I have a pandas DataFrame with the next columns - "A", "B", "C", "D". I want to merge the rows of the DataFrame that has the following condition -
if my DataFrame is called df:
(df.at[i,"A"] == df.at[j, "B"]) and (df.at[j,"A"] == df.at[i,"B"])
For example -
df = pd.DataFrame([[1,2,10,0.55],[3,4,5,0.3],[2,1,2,0.7]], columns=["A","B","C","D"])
Which gives -
In [93]: df
Out[93]:
A B C D
0 1 2 10 0.55
1 3 4 5 0.30
2 2 1 2 0.70
In the example above rows 0 and 2 has the condition. I know for sure that there can be at most 2 rows that correspond to this condition. For the rows that has this condition I would like to sum the "C" values, Average the "D" and remove the redundant row.
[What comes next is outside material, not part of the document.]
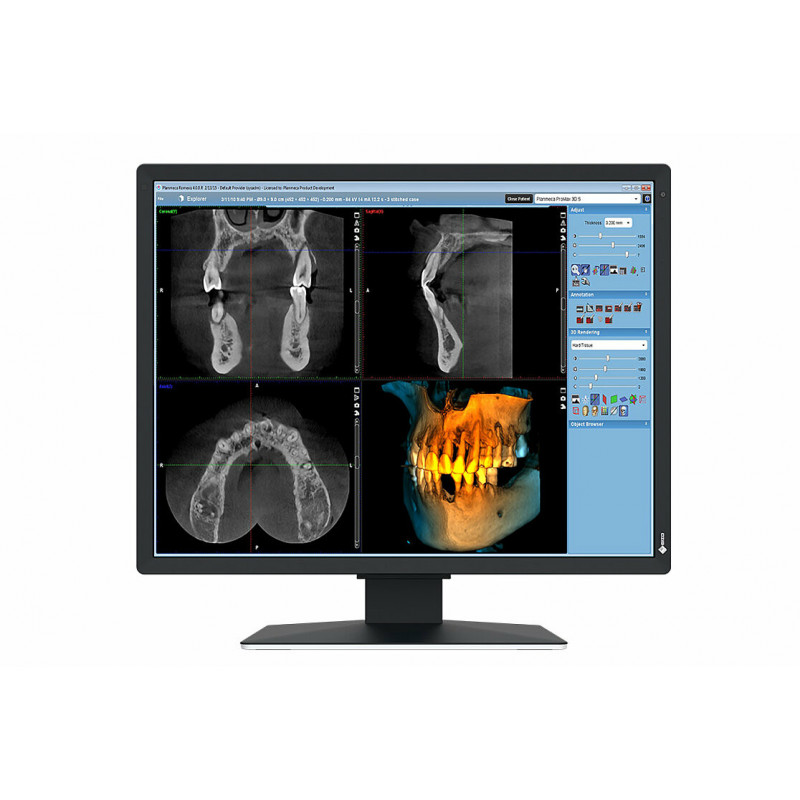 EIZO RadiForce MX217-SB tietokoneen litteä näyttö 53,3 cm (21") 1200 x 1600 pikseliä UXGA LCD Musta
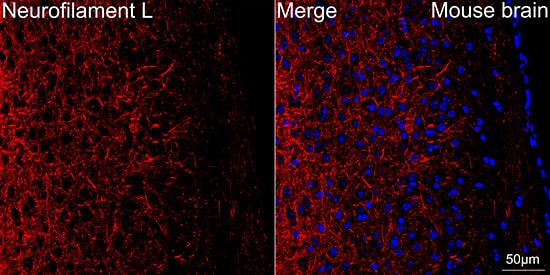 Immunocytochemistry/ Immunofluorescence: NF-L Antibody (3L9Y10) - Azide and BSA Free [NF-L] - Confocal imaging of paraffin-embedded Mouse brain tissue using NF-L Rabbit mAb  followed by a further incubation with Cy3 Goat Anti-Rabbit IgG (H+L)  . DAPI was used for nuclear staining (Blue). Objective: 40x. Perform microwave antigen retrieval with 0.01 M citrate buffer (pH 6.0) prior to IF staining.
In the example above I would like to get -
In [95]: result
Out[95]:
A B C D
0 1 2 12 0.625
1 3 4 5 0.300
Or
In [95]: result
Out[95]:
A B C D
0 2 1 12 0.625
1 3 4 5 0.300
I tried the following code that was very slow:
def remove_dups(path_to_df: str):
df = pd.read_csv(path_to_df)
for i in range(len(df)):
a = df.at[i, "A"]
b = df.at[i, "B"]
same_row = df[(df["A"] == b) & (df["B"] == a)]
if same_row.empty:
continue
c = df.at[i, "C"]
d = df.at[i, "D"]
df.drop(i, inplace=True)
new_ind = same_row.index[0]
df.at[new_ind, "C"] += c
df.at[new_ind, "D"] = (df.at[new_ind, "D"] + distance) / 2
return df
Is there a way to accomplish this using only built-in Pandas functions?